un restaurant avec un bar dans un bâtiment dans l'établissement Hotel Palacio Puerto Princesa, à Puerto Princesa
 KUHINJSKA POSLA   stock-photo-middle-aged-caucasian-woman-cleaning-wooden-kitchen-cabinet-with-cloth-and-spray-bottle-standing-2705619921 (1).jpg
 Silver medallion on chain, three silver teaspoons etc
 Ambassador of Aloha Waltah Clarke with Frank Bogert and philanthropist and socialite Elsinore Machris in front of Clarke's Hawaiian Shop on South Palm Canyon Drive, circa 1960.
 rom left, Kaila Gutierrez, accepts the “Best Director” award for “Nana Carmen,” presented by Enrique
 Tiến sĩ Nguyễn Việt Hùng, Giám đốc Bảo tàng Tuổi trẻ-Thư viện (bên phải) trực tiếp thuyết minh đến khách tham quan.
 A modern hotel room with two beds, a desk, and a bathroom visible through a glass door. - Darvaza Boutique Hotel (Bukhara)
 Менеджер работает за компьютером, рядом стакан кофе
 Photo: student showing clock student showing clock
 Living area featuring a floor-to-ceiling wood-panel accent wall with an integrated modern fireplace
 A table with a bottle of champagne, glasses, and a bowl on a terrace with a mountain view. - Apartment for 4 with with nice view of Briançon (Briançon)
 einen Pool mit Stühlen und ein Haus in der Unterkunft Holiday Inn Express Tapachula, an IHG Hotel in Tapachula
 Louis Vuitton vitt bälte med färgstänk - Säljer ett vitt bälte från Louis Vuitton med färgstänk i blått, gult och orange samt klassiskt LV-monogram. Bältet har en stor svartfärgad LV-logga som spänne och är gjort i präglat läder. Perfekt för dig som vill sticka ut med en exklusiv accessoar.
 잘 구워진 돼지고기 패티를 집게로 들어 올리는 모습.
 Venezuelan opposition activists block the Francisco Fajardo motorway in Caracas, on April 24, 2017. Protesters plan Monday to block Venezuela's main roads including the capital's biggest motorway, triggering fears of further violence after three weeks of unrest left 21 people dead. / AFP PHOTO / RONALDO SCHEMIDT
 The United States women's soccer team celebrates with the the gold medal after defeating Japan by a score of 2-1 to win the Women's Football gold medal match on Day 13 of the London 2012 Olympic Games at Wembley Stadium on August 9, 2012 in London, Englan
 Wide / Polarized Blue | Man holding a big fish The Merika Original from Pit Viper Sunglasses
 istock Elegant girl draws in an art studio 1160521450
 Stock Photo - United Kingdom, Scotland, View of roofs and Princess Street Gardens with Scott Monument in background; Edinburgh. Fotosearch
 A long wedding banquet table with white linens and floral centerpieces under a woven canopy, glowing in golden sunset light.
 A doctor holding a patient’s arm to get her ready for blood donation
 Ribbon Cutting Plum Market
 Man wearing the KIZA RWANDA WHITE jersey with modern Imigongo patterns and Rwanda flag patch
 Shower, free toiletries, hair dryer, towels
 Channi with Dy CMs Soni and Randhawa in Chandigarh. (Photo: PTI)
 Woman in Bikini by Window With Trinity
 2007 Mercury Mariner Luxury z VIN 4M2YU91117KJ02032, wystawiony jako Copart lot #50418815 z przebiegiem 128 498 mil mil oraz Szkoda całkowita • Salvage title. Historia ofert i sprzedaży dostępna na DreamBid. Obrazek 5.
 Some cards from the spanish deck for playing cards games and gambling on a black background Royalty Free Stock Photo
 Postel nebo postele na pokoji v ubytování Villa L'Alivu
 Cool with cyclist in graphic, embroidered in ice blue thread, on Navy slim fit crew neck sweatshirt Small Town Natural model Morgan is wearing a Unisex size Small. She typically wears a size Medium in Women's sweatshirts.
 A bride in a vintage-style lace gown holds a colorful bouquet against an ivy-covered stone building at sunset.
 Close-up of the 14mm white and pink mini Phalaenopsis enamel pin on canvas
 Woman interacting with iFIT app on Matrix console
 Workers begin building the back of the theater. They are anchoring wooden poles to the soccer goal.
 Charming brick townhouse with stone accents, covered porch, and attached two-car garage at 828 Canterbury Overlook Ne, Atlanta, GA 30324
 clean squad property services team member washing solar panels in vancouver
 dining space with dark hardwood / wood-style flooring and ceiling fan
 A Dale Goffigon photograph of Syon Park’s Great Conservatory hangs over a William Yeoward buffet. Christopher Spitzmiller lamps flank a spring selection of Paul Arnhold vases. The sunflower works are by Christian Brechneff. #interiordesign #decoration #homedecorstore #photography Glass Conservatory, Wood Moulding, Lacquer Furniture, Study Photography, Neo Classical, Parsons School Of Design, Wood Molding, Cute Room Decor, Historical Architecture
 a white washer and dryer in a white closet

+ + + + + + +

Would you retype exactly the lines above, from the line with "istock Elegant girl" to the line with "Shower, free toiletries, hair dryer, towels", with both end lines kept and nothing more?

Expected answer
 istock Elegant girl draws in an art studio 1160521450
 Stock Photo - United Kingdom, Scotland, View of roofs and Princess Street Gardens with Scott Monument in background; Edinburgh. Fotosearch
 A long wedding banquet table with white linens and floral centerpieces under a woven canopy, glowing in golden sunset light.
 A doctor holding a patient’s arm to get her ready for blood donation
 Ribbon Cutting Plum Market
 Man wearing the KIZA RWANDA WHITE jersey with modern Imigongo patterns and Rwanda flag patch
 Shower, free toiletries, hair dryer, towels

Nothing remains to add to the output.